El Jockey no solamente evita eso, recordándonos, así, por qué es importante que siga existiendo el cine independiente, es que no tiene que pasar por un board de ejecutivos y un equipo de marketing para existir: El Jockey es una obra que llega a sus temas a partir del lenguaje del cine, de la filmación y la actuación. No es un formalismo vacío, ni un videoclip de dos horas: es efectivamente una película que habla de tópicos existenciales e incluso contemporáneos, aunque el link con la época sea oblicuo, pero lo hace siempre buscando desde las herramientas de su lenguaje. Se encuentra con el tema de la libertad a partir de los caballos, y no al revés; empieza por la imagen más que por la metáfora. La pregunta por el sentido de la vida aparece tanto en los momentos en los que el camino de Manfredini se bifurca como en la extrañeza profunda de un caballo japonés viajando en un avión.

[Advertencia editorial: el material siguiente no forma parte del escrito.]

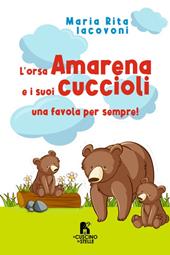 L'orsa Amarena e i suoi cuccioli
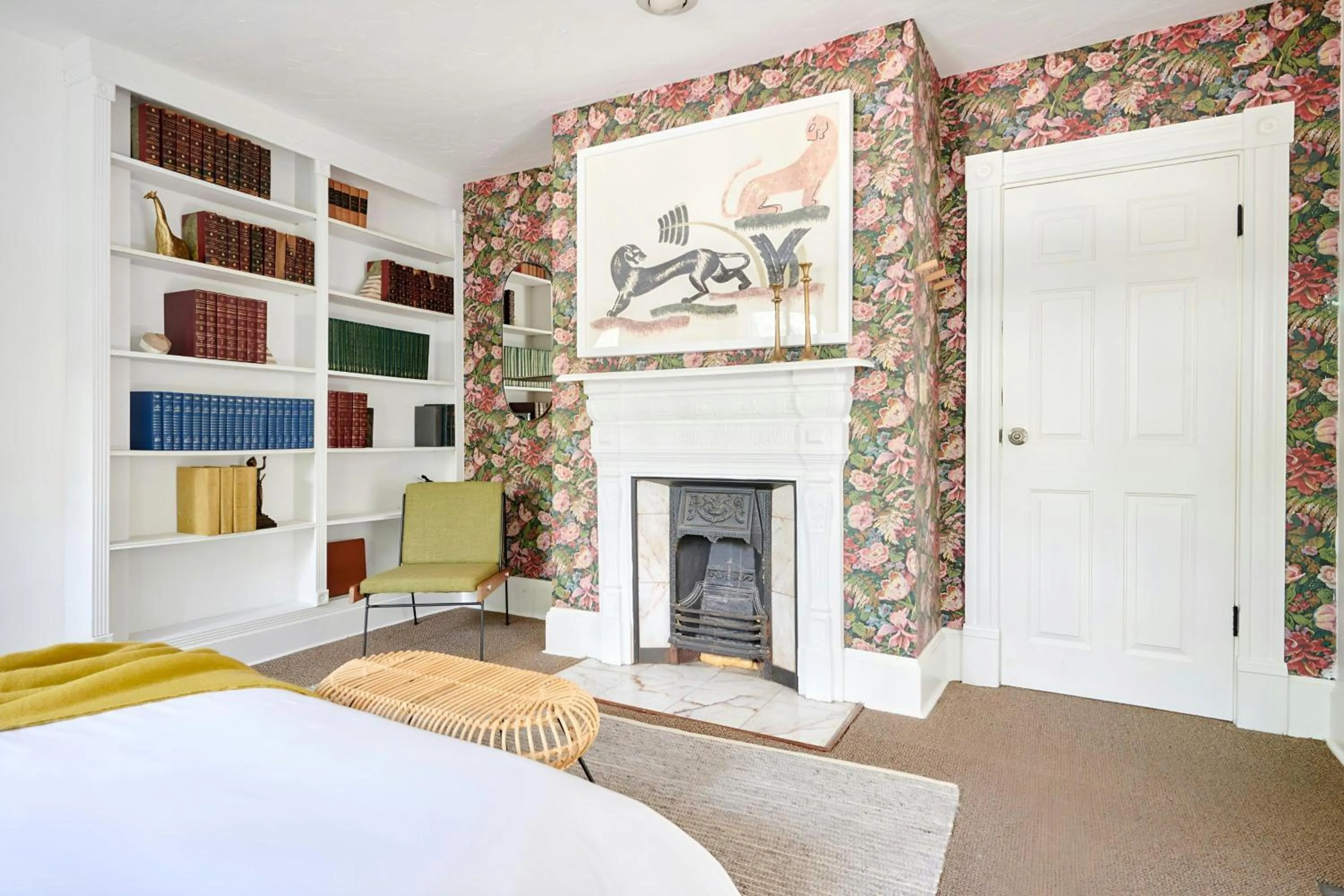 Bedroom, Bed in Wellborn Hotel Downtown, Sonder by Marriott Bonvoy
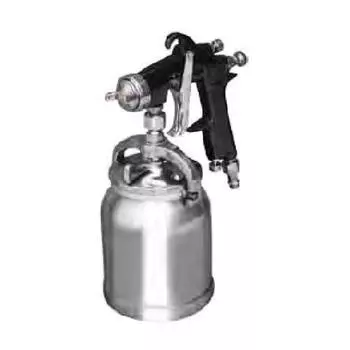 Краскопульт пневматический КРАТОН Hvlp-02s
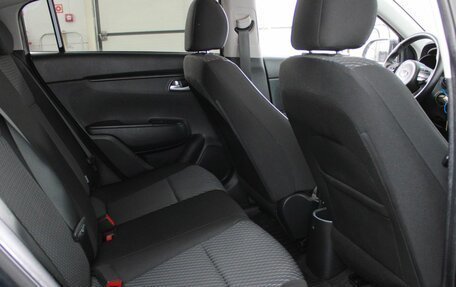 KIA Rio IV, 2019 год, 1 355 000 рублей, 19 фотография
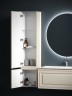 Шкаф пенал Sancos Very 35 L PVR35LCE подвесной Beige Soft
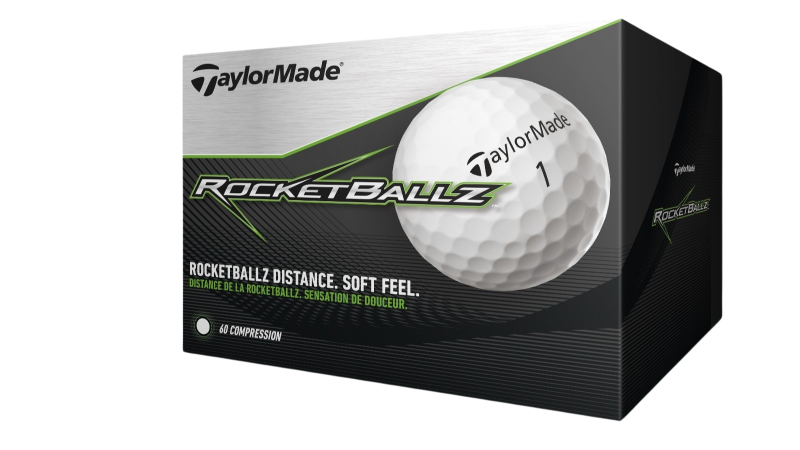 TaylorMade RocketBallz 36 Pack Golf Balls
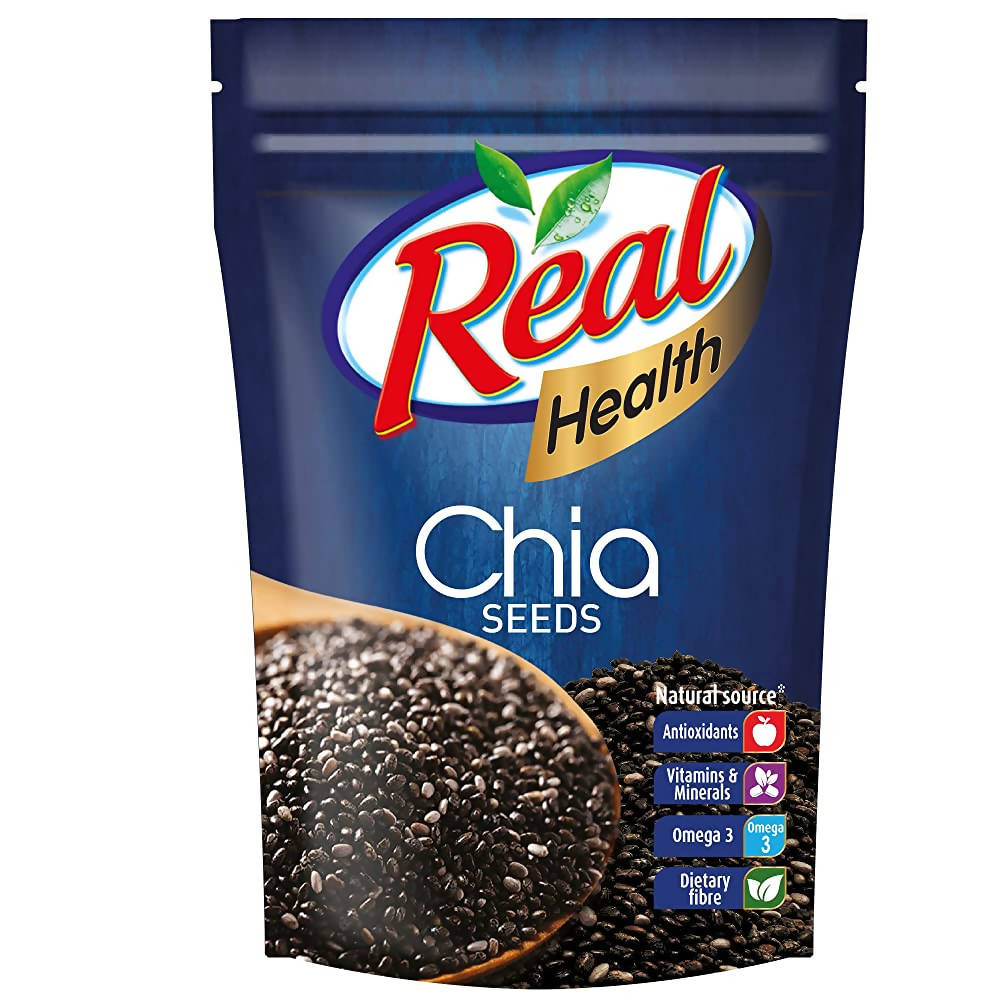 Dabur Real Health Chia Seeds | Grocsy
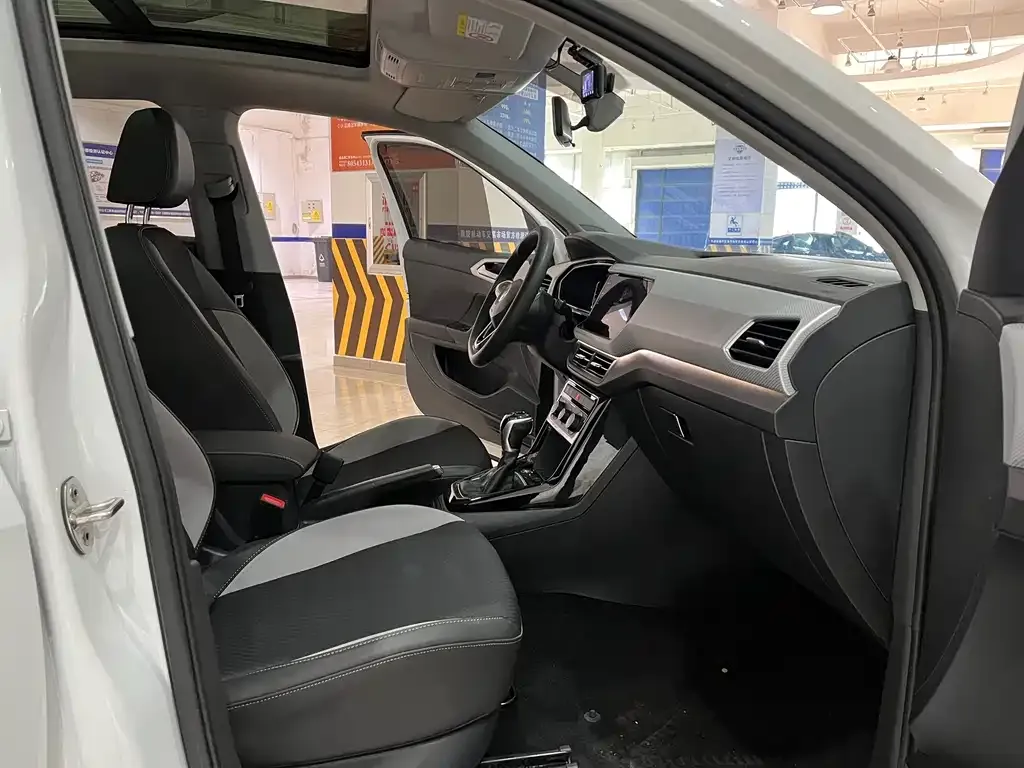Volkswagen Tacqua 2021 из CN, фото 10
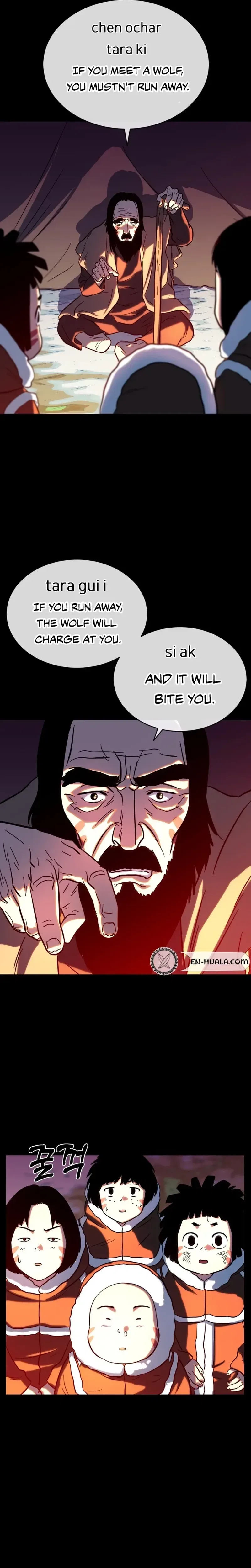 Primitive Man Kim Dong-Woo Chapter 20 – Page 21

En la actuación de Nahuel Pérez Biscayart pasa esto mismo; supongo (otra vez, no leí ninguna entrevista) que él debe haber leído y estudiado mucho sobre el mundo de los jockeys o la vida de celebridades glamorosas como Irineo Leguizamo, pero el virtuosismo que trae a la película no es el de la imitación, sino el de la búsqueda. A diferencia de esos actores que buscan un Oscar en el realismo milimétrico, Pérez Biscayart arma una performance completamente inventiva: en una película con poquísimo texto, la verdad que él porta de la cabeza a la punta de los dedos te cuenta todo lo que necesitás saber sobre Manfredini para emocionarte sin que entiendas necesariamente por qué. Ya leí un par de esos comentarios chapuceros que piensan que una película que no es explícitamente política es ociosa, escapista o reaccionaria, más “en estos tiempos”. No es que me importe darles entidad, pero les contesto porque me sirven para mi punto: en “estos tiempos”, no hay nada más contestatario que negarse a la dictadura del contenido y entregarse sin control a buscar la verdad en los materiales, antes que en la información.